Segment Open

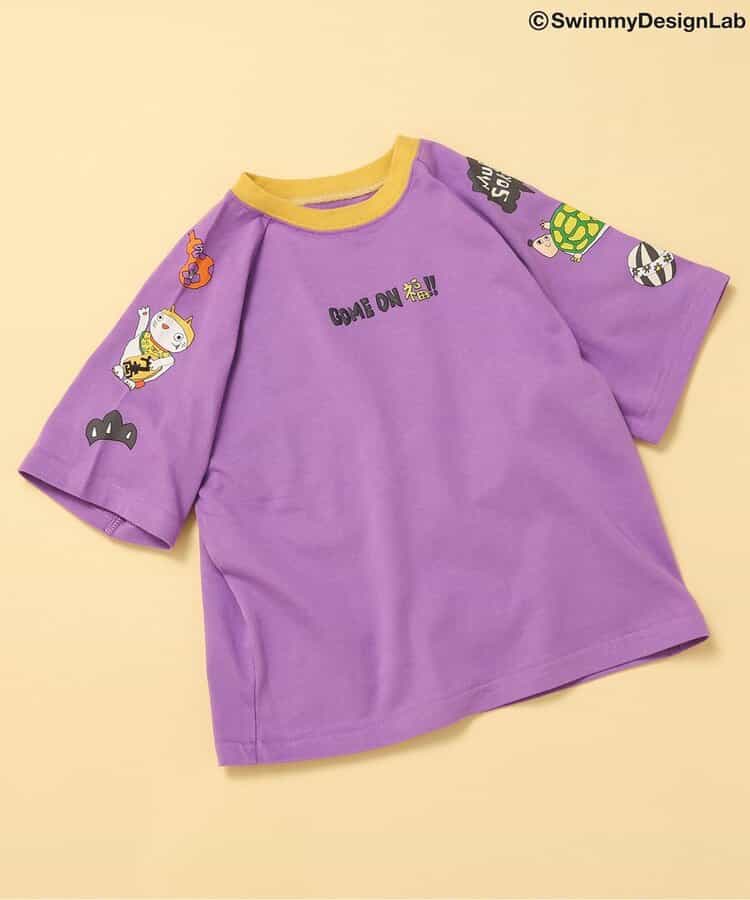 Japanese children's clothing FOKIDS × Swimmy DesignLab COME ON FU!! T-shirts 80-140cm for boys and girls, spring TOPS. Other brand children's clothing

Segment Closed
Segment Open

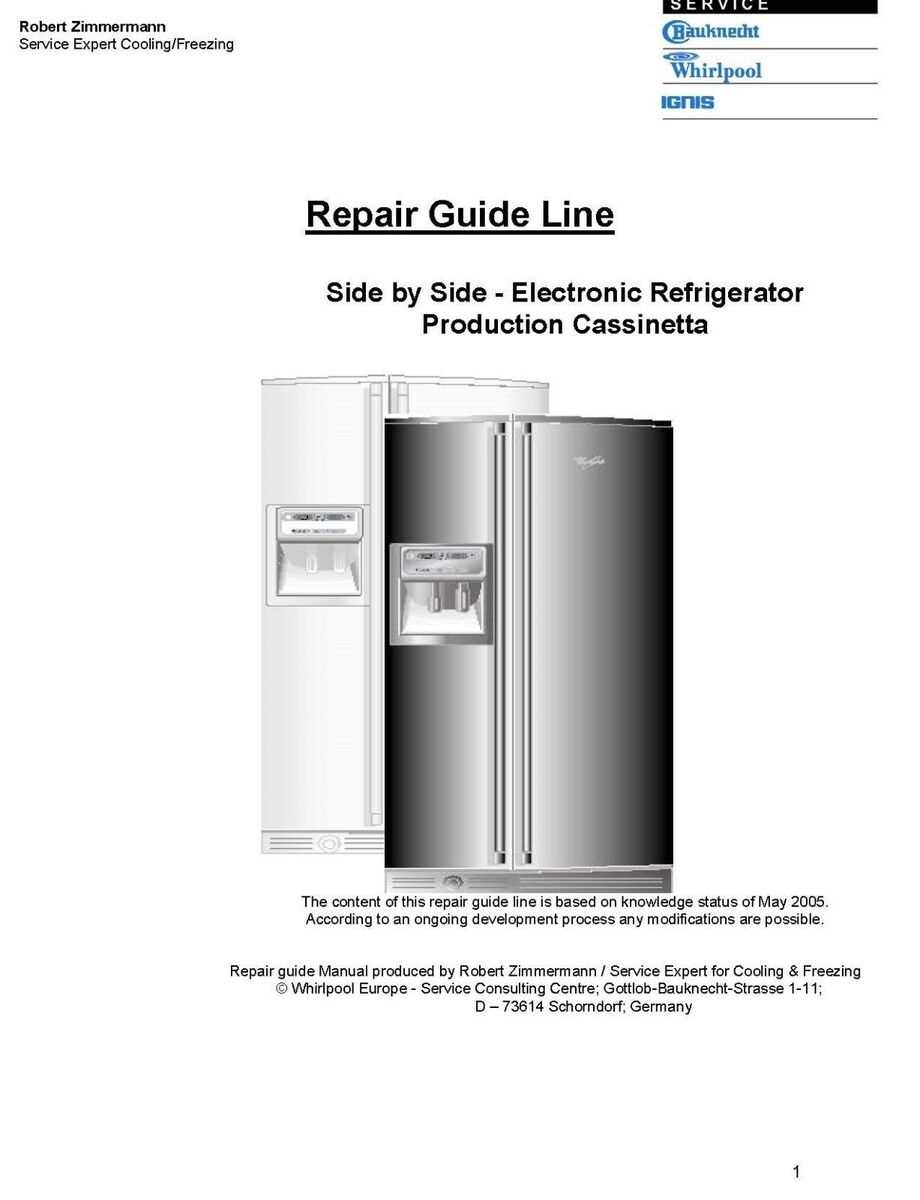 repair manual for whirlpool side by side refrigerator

Segment Closed
Segment Open

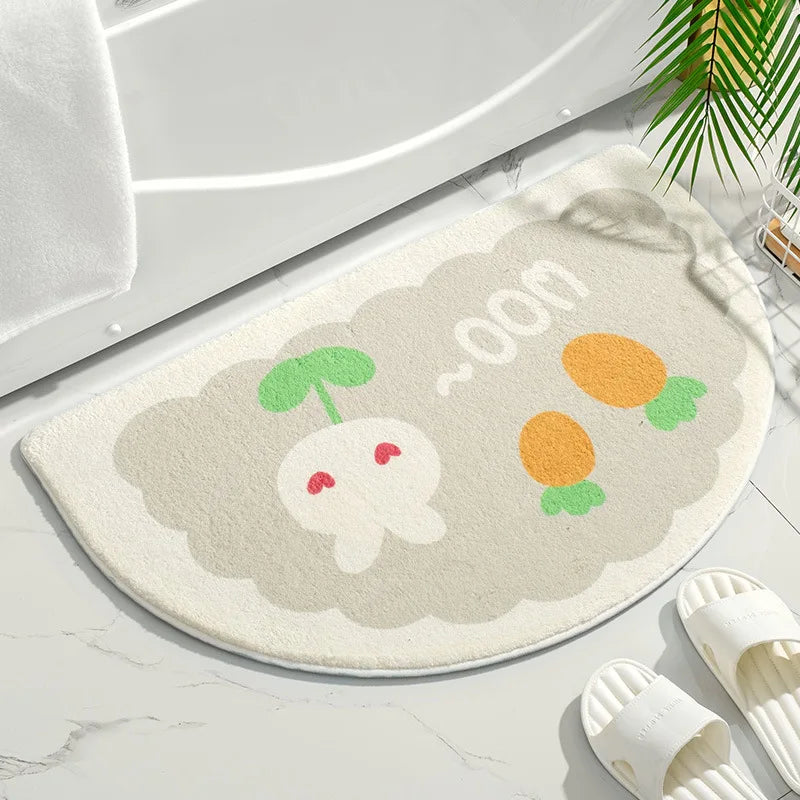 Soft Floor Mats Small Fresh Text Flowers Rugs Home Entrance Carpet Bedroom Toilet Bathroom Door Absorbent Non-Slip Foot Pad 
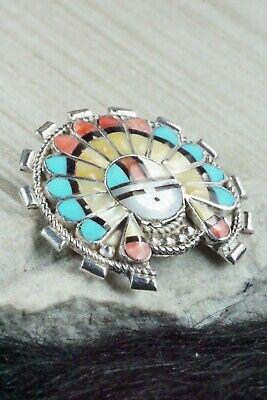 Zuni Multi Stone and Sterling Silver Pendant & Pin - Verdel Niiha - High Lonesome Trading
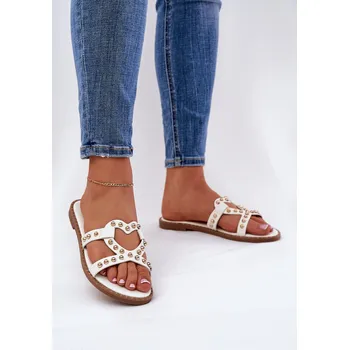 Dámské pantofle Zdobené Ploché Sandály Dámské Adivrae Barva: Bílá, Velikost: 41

Segment Closed

• [WHAT YOU SHOULD DO] Return the lines above from the one with "Zuni Multi Stone" through the one with "Dámské pantofle Zdobené", verbatim and nothing else. Omit every picture.

• [EXPECTED ANSWER]
 Zuni Multi Stone and Sterling Silver Pendant & Pin - Verdel Niiha - High Lonesome Trading
 Dámské pantofle Zdobené Ploché Sandály Dámské Adivrae Barva: Bílá, Velikost: 41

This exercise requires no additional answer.